Все эти внешние перемены были важны не только сами по себе – они еще в какой-то мере свидетельствовали и о том, насколько глубокие выводы сделал для себя Каспаров из уроков первого матча. Насколько сдержаннее, собраннее, серьезнее, а главное искушеннее в матчевой борьбе стал он всего за пять месяцев первого матча!
Все это так, может сказать читатель, но а как же с небывалым в истории матчей на первенство мира и более подходящим для Каспарова образца 1984 года жестом – выброшенными по-футбольному вверх руками? Жестом, увиденным миллионами телезрителей, когда им показали концовку последней партии?
Меня этот жест при всей его необычности совсем не коробит. Более того, нечто подобное не могло не произойти. Вспомним: новому чемпиону было всего двадцать два года! Вспомним: на старте первого матча, будучи на год моложе и не имея, по собственному признанию, никакого представления о том, что такое борьба на подобном уровне и с таким могучим противником, он переживает стресс, проигрывая после девяти партий 0:4. Вспомним последовавшую затем пытку из семнадцати ничьих подряд, после чего счет стал 0:5. Вспомним, что на протяжении еще двадцати одной партии он стоял на краю обрыва, а когда выиграл три партии, из них две подряд, матч был прерван. Вспомним, наконец, что Анатолий Карпов, по заявлению Гарри Каспарова, сделанному сразу по окончании борьбы, «сражался в матче грандиозно». Каспаров «ощущал это морально и физически». Вспомним все это и не станем удивляться тому, что Каспаров тоже вышел из образа и в ответ на овацию зала вскинул руки, тем более что тут же убежал за кулисы…
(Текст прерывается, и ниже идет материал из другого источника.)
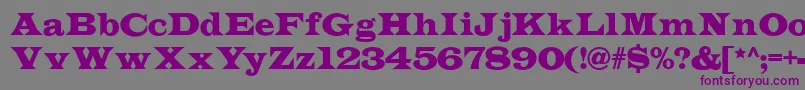 Шрифт Indubitablynf – фиолетовые шрифты на сером фоне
Но вернемся, однако, к перестрелке взглядами или, точнее, к привычке в ходе игры ощупывать лицо противника глазами, в попытке, быть может, непроизвольной и неосознанной, выведать что-либо о его состоянии либо намерениях. Есть на шахматной сцене еще один актер, который пользуется или пользовался аналогичными, причем более сильно действующими средствами. Я имею в виду Михаила Таля. Вот он склонился над доской, демонстрируя залу хищный горбоносый профиль. Глаза его сверлят доску, руки автоматически нашаривают на столе сигареты и спички – оторвать взгляд от доски Талю трудно. Но вот сделан ход, нажата кнопка часов, Таль закуривает, делает глубокую затяжку, и тут его глаза отрываются от доски и наставляются в упор на противника. «Я бросаю на партнера, как говорят, изучающие взгляды, – сказал мне однажды Карпов, а Таль, это тоже говорят, старается что-то внушить, навязать свою волю, не так ли?»
Теперь, когда Талю, шахматисту с яркой и драматичной судьбой, давно уж не удается стать одной из главных фигур в состязаниях претендентов, когда игра его в чем-то утратила присущие ей прежде чудодейственные свойства, прекратились и разговоры о том, что Таль якобы гипнотизирует противников. Я никогда не верил в эти предположения, хотя и допускаю, что под пристальным и жгучим взглядом Таля противник действительно мог, смешавшись, сделать вдруг не совсем то, что предварительно задумал. Но тут действовал, с моей точки зрения, не гипноз, а скорее страх, страх перед действительно загадочным умением Таля создавать предпосылки для атаки из ничего, на ровном месте.
Но вот доктор экономических наук и известный шахматный литератор Б. Вайнштейн в своей весьма интересной книге «Импровизация в шахматном искусстве» пишет:
«Артистичность, выразительность, смелость, способность отдаваться переживанию и чувствовать переживания другого человека, богатство подсознания – таковы черты гипнотизера, таковы черты портрета Михаила Таля!»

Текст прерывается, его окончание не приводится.